| Assigned task |
Your task is to count the lines of the entries below that include the word "image" and to give only the resulting number.

(Records contained in a dataset)
++++++++++++++++++++

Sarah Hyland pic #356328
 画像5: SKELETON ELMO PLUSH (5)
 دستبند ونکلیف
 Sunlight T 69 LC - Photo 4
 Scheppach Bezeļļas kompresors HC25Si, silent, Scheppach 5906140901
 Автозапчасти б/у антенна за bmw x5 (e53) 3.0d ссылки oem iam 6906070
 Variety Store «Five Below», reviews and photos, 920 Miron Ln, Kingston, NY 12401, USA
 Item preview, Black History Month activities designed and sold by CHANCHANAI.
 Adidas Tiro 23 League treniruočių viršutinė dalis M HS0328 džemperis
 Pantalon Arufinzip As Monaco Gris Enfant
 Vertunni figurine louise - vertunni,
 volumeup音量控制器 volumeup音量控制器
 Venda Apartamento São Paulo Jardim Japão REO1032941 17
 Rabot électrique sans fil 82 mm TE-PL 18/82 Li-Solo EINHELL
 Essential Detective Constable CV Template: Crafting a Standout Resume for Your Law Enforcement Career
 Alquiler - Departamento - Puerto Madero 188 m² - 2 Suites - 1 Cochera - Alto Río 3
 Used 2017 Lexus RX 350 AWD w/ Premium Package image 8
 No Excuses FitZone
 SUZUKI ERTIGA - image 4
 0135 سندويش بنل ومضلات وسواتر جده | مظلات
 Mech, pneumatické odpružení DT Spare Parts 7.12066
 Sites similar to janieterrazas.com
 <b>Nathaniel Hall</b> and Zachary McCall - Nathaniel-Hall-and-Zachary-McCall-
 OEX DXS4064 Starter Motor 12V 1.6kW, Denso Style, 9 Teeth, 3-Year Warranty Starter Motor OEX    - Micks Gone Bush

++++++++++++++++++++

| Reply |
2